§ **WHAT THE TASK ASKS**
The required output is the lines below from the line containing "2017 Subaru WRX" to the line containing "Clean healthy eating", inclusive, retyped exactly. No other lines belong in it.

[Caption-style text data]
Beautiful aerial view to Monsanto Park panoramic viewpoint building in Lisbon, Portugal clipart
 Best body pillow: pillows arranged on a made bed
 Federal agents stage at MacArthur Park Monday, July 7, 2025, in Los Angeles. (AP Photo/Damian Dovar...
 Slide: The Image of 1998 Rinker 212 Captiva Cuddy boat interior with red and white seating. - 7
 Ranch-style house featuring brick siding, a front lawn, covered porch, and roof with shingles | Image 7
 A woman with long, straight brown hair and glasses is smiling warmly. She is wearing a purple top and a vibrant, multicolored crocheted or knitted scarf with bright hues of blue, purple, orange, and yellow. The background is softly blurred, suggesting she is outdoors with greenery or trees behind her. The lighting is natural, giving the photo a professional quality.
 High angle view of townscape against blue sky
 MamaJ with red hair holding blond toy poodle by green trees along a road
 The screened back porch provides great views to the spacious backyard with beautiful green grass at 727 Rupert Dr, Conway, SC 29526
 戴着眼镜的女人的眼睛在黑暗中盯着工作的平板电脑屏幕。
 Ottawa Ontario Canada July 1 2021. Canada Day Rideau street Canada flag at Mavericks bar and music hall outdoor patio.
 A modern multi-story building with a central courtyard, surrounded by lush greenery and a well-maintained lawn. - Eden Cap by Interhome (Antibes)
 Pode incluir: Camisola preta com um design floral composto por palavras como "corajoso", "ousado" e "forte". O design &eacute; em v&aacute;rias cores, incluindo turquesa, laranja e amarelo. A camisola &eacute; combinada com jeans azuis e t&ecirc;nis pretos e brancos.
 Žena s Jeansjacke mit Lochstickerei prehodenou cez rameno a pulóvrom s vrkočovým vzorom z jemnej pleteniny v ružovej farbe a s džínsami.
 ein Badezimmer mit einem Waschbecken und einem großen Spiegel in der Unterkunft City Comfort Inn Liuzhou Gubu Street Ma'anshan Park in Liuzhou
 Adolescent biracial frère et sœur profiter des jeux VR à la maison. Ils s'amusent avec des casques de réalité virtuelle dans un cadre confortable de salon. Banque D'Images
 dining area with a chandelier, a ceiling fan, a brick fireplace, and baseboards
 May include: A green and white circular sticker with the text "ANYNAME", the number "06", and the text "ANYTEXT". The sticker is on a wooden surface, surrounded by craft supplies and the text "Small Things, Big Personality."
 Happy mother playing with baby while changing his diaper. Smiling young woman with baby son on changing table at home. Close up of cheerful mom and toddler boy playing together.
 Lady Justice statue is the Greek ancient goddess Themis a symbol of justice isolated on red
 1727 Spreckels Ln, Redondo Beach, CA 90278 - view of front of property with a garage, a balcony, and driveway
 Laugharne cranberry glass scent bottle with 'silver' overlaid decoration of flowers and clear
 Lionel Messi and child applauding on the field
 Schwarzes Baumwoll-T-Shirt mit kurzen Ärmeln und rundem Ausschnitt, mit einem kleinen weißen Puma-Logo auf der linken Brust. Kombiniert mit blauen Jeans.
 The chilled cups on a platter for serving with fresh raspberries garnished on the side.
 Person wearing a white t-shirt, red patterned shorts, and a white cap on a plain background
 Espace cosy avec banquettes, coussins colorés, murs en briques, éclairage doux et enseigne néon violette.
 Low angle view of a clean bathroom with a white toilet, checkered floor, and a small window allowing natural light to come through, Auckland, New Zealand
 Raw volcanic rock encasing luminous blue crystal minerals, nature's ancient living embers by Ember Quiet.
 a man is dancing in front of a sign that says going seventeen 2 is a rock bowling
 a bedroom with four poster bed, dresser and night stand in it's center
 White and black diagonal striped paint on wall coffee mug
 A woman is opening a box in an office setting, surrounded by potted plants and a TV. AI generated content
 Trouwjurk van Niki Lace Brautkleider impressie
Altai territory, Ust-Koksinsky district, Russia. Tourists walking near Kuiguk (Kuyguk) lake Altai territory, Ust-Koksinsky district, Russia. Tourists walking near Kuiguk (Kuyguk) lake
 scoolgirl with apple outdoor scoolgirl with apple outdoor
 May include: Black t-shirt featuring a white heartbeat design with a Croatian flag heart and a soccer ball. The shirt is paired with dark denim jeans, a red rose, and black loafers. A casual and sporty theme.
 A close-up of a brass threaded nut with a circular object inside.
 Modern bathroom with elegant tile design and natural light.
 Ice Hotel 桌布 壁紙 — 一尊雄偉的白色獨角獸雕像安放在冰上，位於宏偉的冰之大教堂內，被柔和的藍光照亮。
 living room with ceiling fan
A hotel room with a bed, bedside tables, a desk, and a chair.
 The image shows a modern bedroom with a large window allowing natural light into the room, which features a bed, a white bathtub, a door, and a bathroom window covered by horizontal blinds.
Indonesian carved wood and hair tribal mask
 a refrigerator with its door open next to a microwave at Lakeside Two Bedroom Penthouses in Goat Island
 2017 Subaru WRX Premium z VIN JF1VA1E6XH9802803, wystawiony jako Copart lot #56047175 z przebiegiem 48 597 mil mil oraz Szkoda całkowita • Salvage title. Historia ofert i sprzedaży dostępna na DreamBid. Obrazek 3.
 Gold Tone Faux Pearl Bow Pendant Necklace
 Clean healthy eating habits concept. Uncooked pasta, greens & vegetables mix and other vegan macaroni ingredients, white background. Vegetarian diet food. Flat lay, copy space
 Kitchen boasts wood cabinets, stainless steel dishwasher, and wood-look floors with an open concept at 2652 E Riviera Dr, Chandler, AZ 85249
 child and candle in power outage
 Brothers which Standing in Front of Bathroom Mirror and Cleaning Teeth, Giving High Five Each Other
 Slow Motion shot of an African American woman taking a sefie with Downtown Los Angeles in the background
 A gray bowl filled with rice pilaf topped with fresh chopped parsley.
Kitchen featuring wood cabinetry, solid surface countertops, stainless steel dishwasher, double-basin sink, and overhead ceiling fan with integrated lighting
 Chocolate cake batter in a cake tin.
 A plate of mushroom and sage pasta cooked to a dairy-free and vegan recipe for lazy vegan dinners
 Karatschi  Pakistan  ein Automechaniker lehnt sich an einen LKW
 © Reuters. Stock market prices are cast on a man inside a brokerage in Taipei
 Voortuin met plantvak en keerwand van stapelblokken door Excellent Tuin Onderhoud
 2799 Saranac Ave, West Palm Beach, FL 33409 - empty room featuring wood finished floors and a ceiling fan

§ **EXERCISE RESULT**
 2017 Subaru WRX Premium z VIN JF1VA1E6XH9802803, wystawiony jako Copart lot #56047175 z przebiegiem 48 597 mil mil oraz Szkoda całkowita • Salvage title. Historia ofert i sprzedaży dostępna na DreamBid. Obrazek 3.
 Gold Tone Faux Pearl Bow Pendant Necklace
 Clean healthy eating habits concept. Uncooked pasta, greens & vegetables mix and other vegan macaroni ingredients, white background. Vegetarian diet food. Flat lay, copy space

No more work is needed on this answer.